Où situer ce lieu imaginaire ? Quel est son espace propre ? En soi :
« Et
si l’enfer est fable au centre de la terre
Il est vrai en mon sein. » (Malherbe)
Nous retrouvons la vertu de
l’hyperbole :
« Cet enfer de tourments qui m’anime le corps .»
(Jean de Schélandre, Tyr et Sidon,
V. 2.).
Ou encore :
« Si
je porte en mon sein de quoi me satisfaire
Et si j’ai là-dedans sa Parque et son Cerbère… »

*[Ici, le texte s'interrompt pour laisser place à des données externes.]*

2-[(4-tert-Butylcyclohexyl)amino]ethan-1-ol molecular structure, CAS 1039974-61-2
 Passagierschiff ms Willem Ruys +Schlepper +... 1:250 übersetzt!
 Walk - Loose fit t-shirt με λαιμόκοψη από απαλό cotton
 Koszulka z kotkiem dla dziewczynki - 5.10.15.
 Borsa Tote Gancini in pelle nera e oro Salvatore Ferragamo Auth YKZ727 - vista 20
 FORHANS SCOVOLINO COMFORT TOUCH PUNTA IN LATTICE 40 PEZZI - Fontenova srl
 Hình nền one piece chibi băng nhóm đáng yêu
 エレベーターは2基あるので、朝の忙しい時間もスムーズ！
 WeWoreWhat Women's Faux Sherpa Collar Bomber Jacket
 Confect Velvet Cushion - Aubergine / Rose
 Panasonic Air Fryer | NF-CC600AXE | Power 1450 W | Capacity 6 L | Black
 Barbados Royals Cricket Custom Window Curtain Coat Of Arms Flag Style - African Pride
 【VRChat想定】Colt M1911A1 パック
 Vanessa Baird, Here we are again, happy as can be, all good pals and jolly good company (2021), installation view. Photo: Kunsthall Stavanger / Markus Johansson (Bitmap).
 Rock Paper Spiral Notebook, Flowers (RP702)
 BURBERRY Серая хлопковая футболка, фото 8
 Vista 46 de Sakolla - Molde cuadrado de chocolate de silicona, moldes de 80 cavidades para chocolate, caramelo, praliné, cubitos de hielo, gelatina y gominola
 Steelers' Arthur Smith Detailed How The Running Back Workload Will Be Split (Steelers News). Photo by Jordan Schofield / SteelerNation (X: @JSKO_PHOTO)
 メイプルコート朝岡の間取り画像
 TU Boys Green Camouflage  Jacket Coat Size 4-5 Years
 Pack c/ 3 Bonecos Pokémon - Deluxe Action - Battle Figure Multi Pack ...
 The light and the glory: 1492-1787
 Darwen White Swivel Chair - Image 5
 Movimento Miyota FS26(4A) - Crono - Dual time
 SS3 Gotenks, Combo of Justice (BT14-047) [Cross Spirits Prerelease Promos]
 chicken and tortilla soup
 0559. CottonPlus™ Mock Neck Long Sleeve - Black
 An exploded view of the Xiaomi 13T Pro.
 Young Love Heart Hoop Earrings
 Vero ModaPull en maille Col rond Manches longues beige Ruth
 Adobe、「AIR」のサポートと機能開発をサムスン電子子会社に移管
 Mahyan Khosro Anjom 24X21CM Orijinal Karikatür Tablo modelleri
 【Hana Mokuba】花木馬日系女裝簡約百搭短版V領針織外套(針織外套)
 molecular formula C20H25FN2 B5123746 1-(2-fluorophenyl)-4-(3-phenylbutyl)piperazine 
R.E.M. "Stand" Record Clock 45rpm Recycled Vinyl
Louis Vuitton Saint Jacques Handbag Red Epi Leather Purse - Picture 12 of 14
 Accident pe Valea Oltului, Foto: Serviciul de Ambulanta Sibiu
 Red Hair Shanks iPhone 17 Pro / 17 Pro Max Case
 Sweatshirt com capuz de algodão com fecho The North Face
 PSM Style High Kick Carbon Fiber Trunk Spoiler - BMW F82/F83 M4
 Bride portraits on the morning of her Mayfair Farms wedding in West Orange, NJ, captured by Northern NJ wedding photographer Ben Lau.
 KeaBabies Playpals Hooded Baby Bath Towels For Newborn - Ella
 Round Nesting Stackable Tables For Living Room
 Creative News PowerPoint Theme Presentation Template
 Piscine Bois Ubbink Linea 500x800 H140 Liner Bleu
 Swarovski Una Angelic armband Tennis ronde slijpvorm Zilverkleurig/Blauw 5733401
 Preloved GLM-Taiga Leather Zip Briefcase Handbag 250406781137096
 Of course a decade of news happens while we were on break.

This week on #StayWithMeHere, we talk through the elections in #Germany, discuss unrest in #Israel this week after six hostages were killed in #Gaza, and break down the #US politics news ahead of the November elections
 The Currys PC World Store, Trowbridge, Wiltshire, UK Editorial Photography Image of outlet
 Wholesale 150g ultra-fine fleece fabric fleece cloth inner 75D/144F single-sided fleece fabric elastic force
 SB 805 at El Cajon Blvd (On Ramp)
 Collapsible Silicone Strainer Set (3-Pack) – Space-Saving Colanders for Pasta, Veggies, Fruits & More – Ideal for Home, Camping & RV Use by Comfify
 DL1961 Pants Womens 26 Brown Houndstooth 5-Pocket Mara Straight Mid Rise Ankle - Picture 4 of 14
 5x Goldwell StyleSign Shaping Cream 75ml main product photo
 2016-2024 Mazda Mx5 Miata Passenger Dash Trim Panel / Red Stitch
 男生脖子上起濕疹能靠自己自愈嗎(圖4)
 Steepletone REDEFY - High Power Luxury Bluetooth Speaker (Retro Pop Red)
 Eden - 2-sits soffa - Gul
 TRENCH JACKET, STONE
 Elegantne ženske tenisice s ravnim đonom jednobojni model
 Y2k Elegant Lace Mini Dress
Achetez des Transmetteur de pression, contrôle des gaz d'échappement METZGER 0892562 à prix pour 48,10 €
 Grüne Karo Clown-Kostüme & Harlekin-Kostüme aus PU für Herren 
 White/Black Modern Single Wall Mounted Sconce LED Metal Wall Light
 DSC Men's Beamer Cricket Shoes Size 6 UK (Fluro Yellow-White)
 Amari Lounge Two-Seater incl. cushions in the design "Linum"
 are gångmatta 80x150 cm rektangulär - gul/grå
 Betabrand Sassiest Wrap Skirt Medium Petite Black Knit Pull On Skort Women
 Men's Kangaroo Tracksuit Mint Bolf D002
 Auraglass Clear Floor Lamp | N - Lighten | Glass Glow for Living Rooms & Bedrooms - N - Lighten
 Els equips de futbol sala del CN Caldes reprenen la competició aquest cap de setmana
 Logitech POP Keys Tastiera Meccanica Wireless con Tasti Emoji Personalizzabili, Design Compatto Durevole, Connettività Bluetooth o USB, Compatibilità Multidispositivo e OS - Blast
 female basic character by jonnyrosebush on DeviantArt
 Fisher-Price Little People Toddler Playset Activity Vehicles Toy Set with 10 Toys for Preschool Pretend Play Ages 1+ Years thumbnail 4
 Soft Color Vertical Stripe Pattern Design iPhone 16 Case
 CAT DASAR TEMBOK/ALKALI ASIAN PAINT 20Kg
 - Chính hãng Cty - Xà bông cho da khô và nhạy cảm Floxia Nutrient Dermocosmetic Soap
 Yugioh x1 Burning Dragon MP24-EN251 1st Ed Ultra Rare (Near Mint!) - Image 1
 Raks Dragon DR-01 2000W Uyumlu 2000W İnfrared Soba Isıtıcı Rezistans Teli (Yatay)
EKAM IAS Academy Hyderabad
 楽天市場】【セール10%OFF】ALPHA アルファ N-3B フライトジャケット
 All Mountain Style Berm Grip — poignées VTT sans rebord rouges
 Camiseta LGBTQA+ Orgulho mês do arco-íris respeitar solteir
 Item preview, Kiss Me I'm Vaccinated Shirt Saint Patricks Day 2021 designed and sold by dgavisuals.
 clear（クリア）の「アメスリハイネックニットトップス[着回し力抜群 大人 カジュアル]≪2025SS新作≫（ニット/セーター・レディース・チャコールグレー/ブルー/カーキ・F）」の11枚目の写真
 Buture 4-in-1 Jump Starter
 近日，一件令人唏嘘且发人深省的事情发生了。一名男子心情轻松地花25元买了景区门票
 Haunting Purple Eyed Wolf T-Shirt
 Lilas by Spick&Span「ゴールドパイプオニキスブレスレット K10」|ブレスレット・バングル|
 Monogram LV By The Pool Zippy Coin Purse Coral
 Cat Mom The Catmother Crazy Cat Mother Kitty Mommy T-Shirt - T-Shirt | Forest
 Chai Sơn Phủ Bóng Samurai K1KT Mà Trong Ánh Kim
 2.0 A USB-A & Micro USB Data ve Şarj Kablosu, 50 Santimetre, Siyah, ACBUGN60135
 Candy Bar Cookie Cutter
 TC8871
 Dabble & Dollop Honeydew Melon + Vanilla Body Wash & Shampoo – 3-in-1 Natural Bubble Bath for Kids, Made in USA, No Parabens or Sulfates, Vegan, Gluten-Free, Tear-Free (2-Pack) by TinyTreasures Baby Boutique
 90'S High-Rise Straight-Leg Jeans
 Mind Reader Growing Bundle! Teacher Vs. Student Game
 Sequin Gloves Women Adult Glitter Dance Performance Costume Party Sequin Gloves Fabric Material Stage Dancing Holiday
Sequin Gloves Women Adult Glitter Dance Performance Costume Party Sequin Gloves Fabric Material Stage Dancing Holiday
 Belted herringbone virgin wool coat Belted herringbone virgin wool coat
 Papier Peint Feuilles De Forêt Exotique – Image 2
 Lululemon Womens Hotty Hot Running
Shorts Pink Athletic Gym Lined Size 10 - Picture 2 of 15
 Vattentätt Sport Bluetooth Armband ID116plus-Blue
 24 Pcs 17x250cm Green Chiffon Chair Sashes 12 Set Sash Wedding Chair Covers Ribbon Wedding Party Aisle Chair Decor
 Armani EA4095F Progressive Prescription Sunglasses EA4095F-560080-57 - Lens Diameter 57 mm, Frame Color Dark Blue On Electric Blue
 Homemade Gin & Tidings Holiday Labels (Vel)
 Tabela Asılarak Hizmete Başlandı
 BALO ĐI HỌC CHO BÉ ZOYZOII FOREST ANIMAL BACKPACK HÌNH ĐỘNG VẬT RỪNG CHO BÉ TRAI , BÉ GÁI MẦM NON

(Crisante, Rotrou, II. 2.)
Une superposition s’opère entre
l’extérieur et l’intérieur, qui aboutit à une identité :
« Je me suis un démon, un enfer, une peste… »
(Tyr et Sidon, IV. 1.)
On parle alors des « cachots
de l’humaine pensée »[3],
mais cette analogie entre l’imagination et les visions qu’elle forme est une
analogie fausse, une simple métaphore.
Le lieu imaginaire n’existe que dans
la mesure où il est parlé ; son espace est celui du texte qui
l’affirme ; la signification de l’enfer n’est que le sens porté par nos
paroles (nous retrouvons ici la transgression première du langage, sa
différence radicale et les méandres de son déploiement) ; par démence, par
pratique magique ou religion, l’enfer est considéré comme l’origine effrayante
du mal, du mensonge, des fantasmes, des persécutions et des tortures, alors que
le replâtrage d’un mythe est sa seule existence possible, qu’il n’est qu’une
façon particulière qu’a la folie – prise dans le vaste réseau des
significations littéraires – de se dire.
[1] « Ce
prodige incroyable est une menterie
Qui nous vient de l’Enfer, qu’inspire une
Furie . »
La contradiction est la suivante : les
personnages font de l’Enfer le lieu d’origine du mensonge, alors que c’est la
parole inadéquate qui se crée une origine mythique, qui parle des Enfers et les
fait exister.
[2] Les
Larmes d’Eros (extrait), Tel Quel n°5.